As we’ve previously discussed, the state of New York has set a target of going 100% carbon-free energy by 2040. But where does the state stand now, and what would it take to get there?

The Climate Leadership and Community Protection Act, passed in June, sets many goals including but not limited to procurement for generation of:

• Offshore wind projects: 9,000 MW by 2035 
• Distributed solar: 6,000 MW by 2025 
• Storage capacity: 3,000 MW by 2030 (1,500 MW by 2025)

The state has committed to investing $2.9 billion in 46 renewable energy projects. Just this summer it awarded two offshore wind contracts to generate about 1700 MW.

According to the EIA, as of 2018, 29% of New York’s in-state power generation already comes from renewable sources. The majority of renewable energy is generated by hydroelectric stations, then wind and the rest is from biomass, biogas and solar.

New York has put a lot of things in motion to help it move from 29%. Electricity generation is the area where the state has the best opportunity to make big strides. The New York Public Service Commission’s Clean Energy Standard (CES), has a target of 50% of the state’s electricity coming from renewables by 2030. It seems likely the state will achieve this, as the Nuclear Energy Institute reports that New York already generates 32% of its electricity from nuclear energy, which accounts for over half of the state’s carbon-free electricity. The state is also the third-largest producer of hydroelectricity in the country (number one east of the Rockies). 

A significant percentage (30%) of New York’s non-renewable energy use comes in the form of petroleum to power its public transit system. New Yorkers use public transit at a rate of five times the rest of the country. While this means that per capita, New Yorkers consume less petroleum than the rest of the country, the transportation sector reflects this use of mass transit. New York City’s Mass Transit Authority has committed to reducing greenhouse emissions by increasing the energy efficiency of their fleet and facilities. As the MTA goes green, so will the state and its fuel use.

The state has put together a Clean Energy Dashboard where you can follow along as utility companies and businesses work together to help reach this ambitious goal. According to the dashboard, which was last updated in July 2019, New York’s consumption and production is dominated by natural gas:

While the state energy companies are each working to make the move to renewable energy, the state is counting on businesses to do the same. The state and federal government both offer incentives to businesses to implement solar and wind energy systems. Many of these systems have been shown to pay for themselves within a decade, and thanks to the state’s net metering laws, businesses can sell excess electricity generated by renewable technologies back to the power grid. DOSE would be happy to consult with you to help be a part of this exciting transformation.

The use of a battery energy storage system (BESS) can prove to be quite beneficial as part of utilizing or distributing renewable energy such as from wind or solar systems. The BESS mainly consists of several batteries and rectifiers/inverters along with transformers and protective circuit devices. Batteries can be configured in modules of up to several megawatts, to be used in a variety of applications.

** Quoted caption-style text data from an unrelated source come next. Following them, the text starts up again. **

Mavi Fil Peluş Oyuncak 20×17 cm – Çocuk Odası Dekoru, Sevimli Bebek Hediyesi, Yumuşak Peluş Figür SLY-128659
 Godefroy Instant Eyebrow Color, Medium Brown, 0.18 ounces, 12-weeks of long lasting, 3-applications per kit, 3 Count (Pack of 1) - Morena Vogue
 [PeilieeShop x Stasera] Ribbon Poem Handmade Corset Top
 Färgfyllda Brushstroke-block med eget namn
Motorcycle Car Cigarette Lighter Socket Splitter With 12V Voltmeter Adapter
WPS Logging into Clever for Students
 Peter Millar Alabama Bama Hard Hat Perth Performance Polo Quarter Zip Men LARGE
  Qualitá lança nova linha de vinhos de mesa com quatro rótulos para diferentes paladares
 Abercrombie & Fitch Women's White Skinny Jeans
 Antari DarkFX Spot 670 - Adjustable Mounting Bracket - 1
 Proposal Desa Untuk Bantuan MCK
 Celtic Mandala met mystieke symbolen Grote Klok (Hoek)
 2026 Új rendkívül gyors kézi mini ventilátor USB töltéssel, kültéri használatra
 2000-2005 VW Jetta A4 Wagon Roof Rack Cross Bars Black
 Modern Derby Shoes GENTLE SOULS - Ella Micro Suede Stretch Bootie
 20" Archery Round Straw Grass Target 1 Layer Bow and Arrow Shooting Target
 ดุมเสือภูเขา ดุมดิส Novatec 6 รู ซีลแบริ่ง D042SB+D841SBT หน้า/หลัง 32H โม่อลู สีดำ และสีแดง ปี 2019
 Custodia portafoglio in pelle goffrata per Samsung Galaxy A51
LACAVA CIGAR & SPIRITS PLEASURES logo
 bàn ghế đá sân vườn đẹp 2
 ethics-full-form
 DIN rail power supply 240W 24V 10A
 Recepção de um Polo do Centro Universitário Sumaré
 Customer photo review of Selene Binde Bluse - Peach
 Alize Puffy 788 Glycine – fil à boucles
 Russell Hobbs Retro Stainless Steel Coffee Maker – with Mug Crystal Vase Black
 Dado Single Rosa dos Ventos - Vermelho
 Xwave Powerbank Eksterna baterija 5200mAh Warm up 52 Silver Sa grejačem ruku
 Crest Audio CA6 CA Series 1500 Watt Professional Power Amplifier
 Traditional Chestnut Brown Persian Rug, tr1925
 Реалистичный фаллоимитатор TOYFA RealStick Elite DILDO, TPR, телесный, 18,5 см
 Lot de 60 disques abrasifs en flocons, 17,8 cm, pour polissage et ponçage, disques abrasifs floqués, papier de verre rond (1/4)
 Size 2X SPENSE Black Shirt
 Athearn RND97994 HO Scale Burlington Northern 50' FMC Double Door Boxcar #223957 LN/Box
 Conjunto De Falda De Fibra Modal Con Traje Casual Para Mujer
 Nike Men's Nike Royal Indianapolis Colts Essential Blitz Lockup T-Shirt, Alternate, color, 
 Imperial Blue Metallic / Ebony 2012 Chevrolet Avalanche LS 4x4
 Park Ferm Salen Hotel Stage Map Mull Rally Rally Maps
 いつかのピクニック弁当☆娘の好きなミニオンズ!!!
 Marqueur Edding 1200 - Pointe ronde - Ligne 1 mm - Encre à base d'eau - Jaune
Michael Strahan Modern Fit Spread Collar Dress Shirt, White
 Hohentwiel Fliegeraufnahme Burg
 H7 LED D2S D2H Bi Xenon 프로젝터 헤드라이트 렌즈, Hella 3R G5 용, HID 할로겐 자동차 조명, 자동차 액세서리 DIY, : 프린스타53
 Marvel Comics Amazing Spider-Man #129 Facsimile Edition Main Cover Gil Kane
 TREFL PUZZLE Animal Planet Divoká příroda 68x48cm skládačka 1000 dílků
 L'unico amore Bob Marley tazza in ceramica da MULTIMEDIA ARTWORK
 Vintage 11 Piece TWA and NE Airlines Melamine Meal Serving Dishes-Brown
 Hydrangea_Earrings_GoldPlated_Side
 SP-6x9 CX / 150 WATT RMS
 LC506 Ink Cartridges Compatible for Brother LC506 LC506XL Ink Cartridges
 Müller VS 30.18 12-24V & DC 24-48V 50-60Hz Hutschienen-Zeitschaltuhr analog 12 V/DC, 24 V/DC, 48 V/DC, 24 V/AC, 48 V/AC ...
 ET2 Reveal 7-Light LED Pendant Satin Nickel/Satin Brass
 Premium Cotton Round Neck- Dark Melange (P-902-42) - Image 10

When energy is generated by wind or solar systems, it can be used many ways such as direct delivery to the load for consumption, delivery to the utility grid, delivery to an onsite storage system or a combination thereof. Clearly the latter presents a number of advantages as excess energy generated by the renewable system at times when winds are strong, the sun is bright, or power demand is low can be stored for later use, such as for moments when air flow is weak, at night time, or when power demand rises above average (usually at night time for residential properties). 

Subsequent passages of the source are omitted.